- Directed by: Jonathan Parker
- Written by: Catherine DiNapoli Jonathan Parker
- Produced by: Catherine DiNapoli Jonathan Parker Patrick Peach Lars Ulrich
- Starring: Parker Posey; Eric McCormack; James Frain;
- Cinematography: Svetlana Cvetko
- Edited by: David Scott Smith
- Music by: Niels Bye Nielsen
- Production company: Tarwathie Films
- Release dates: 20 May 2016 (Seattle International Film Festival); 30 September 2017 (US);
- Running time: 95 minutes
- Country: United States
- Language: English

= The Architect (2016 film) =

The Architect is a 2016 American comedy-drama film directed by Jonathan Parker, starring Parker Posey, Eric McCormack and James Frain.

==Cast==
- Parker Posey as Drew
- Eric McCormack as Collin
- James Frain as Miles Moss
- John Carroll Lynch as Conway
- Pamela Reed as Colin's Mother
- John Aylward as Drew's Father
- Dana Milican as Reese
- Alycia Delmore as Caitlin
- Michael Panes as Adjuster

==Reception==
Larry Williams of the Hartford Courant called the film "entertaining" despite having "plausibility issues".

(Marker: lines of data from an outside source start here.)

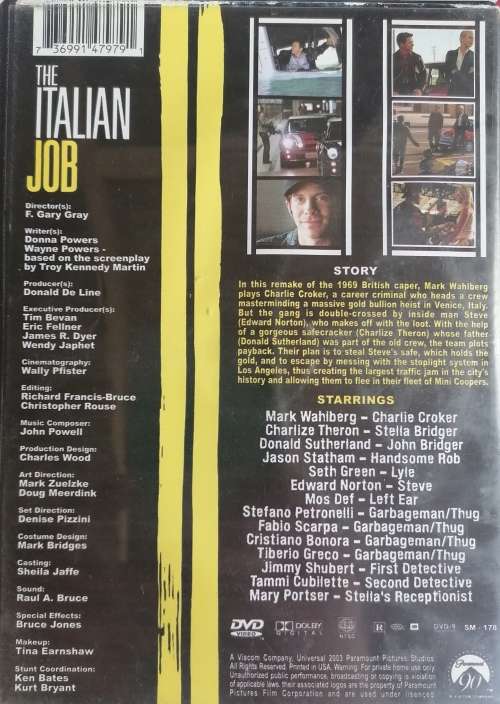 The Italian job dvd
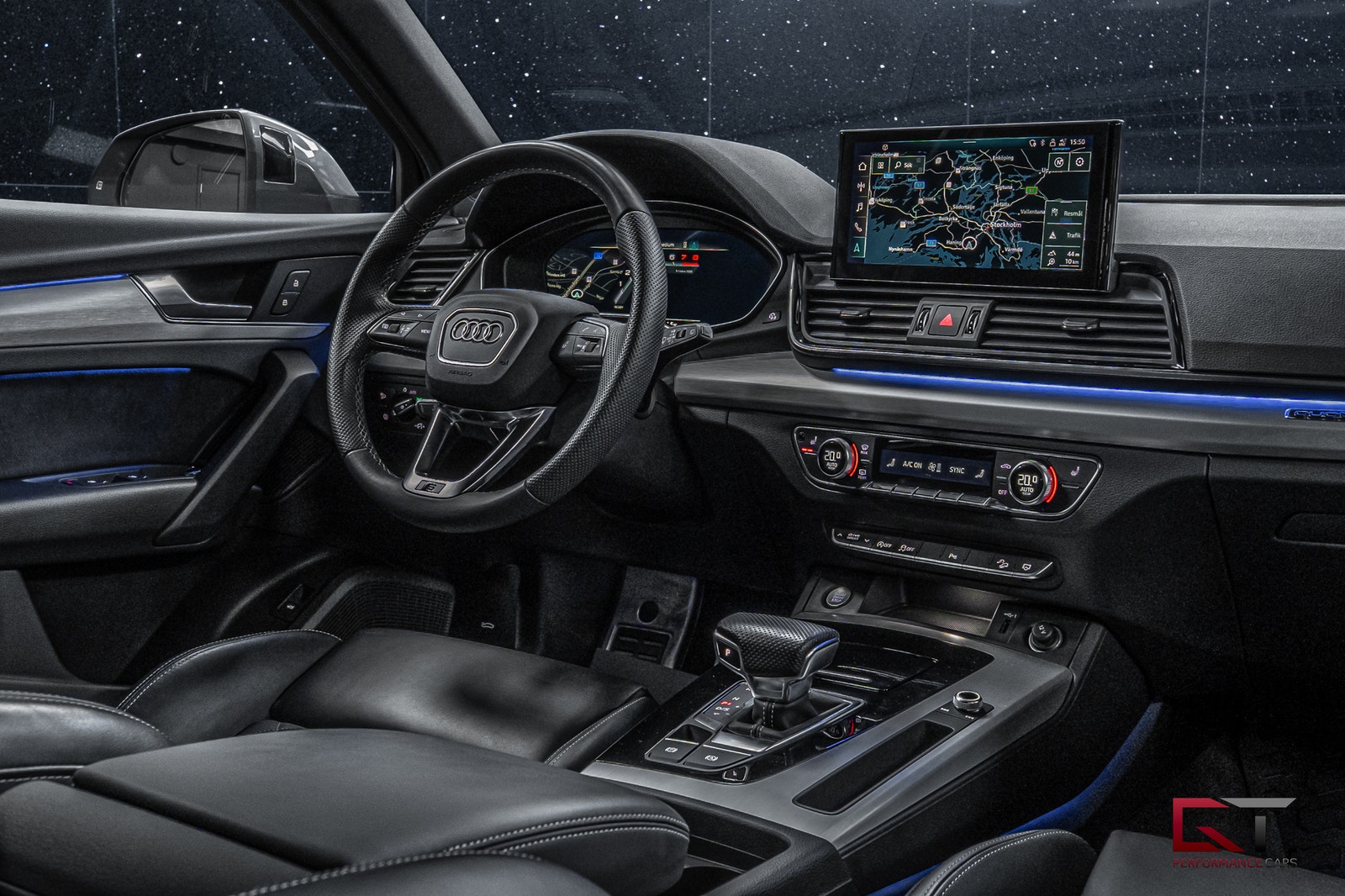 Audi Q5 SB 45 Q S-Line MOMS Pano Luftfjädring 21" B&O-3D Drag 2023 - miniatyr 18
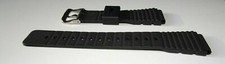 Generic 20mm Rubber Resin Strap to Fit Casio Watches Model 127F1M, 24mm Shoulder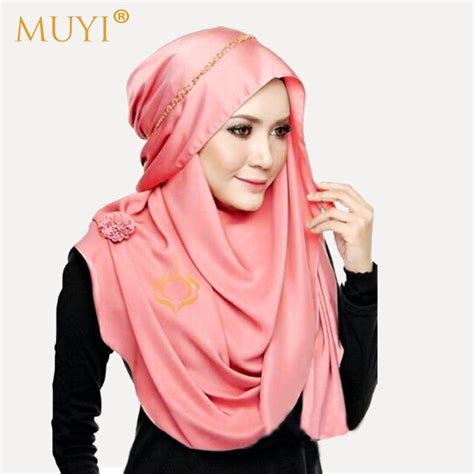 women turban hijabs muslim headscarf islamic hijab fashion head coverings foulard femme luxury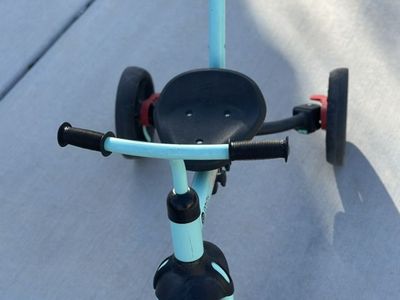 Tricycle With Push Handle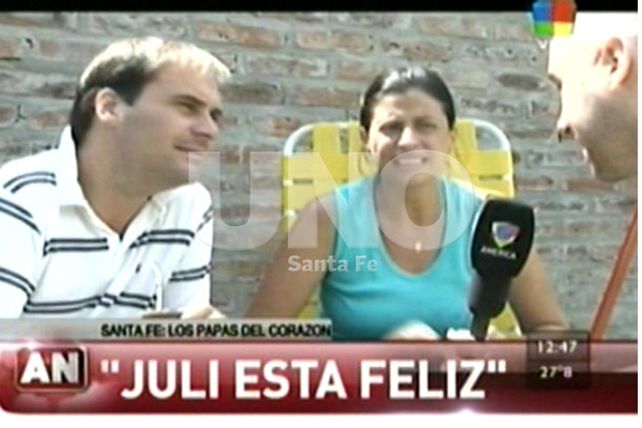 “Le dijimos sí a la vida y a nuestro gran amor por María Julia”
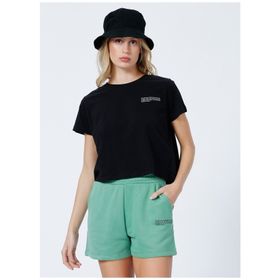 Aeropostale Baskılı Siyah Erkek Şort Mayo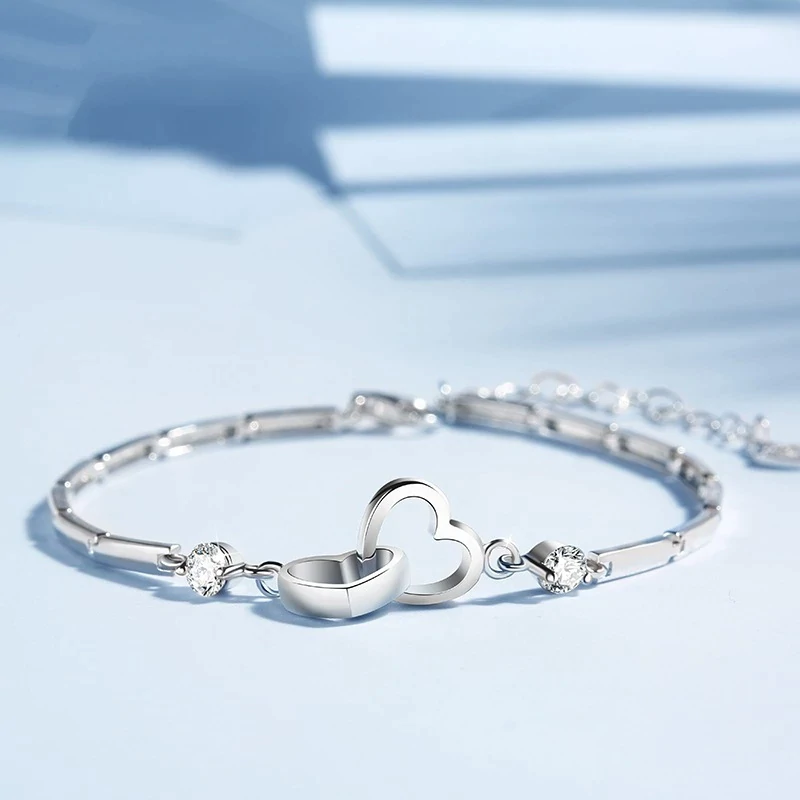 Doppelherz Silver Bracelet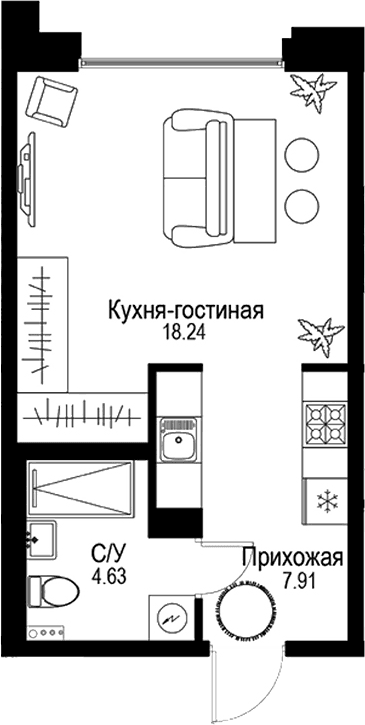 Планировка квартиры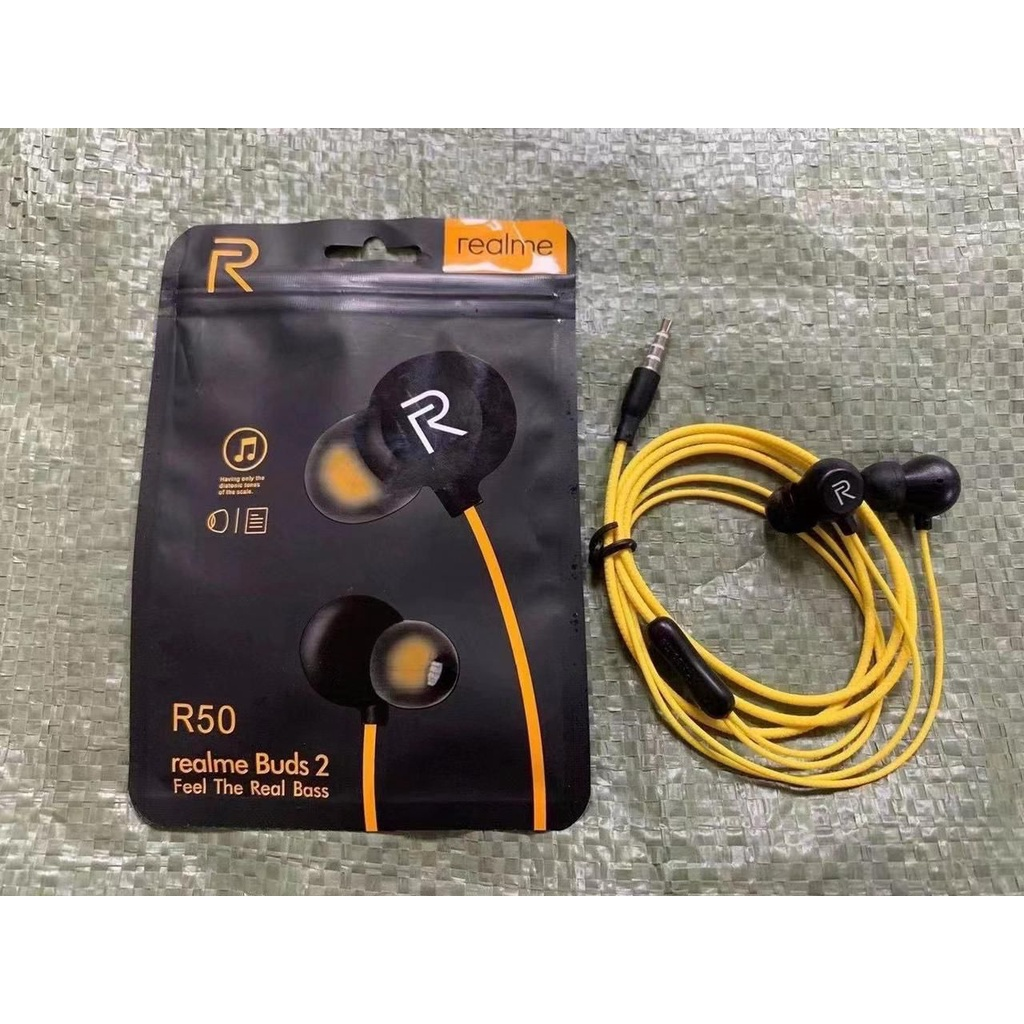 Headset Handsfree Realme Buds R50 Earphone In-Ear dengan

The Hollywood Reporter called the film a "light riff on bougie aspirations."

Alison Gillmore of the Winnipeg Free Press wrote that while the film "really understands the modern middle-class status anxiety surrounding real estate and renovations", it "remains a tonal mess, not quite sure if it wants to be satire, sitcom or a Lifetime movie-of-the-week."

Ken Eisner of The Georgia Straight wrote that the "sharply written script makes McCormack too much of a materialistic stick-in-the-mud, dampening our investment in the couple’s emotional real estate."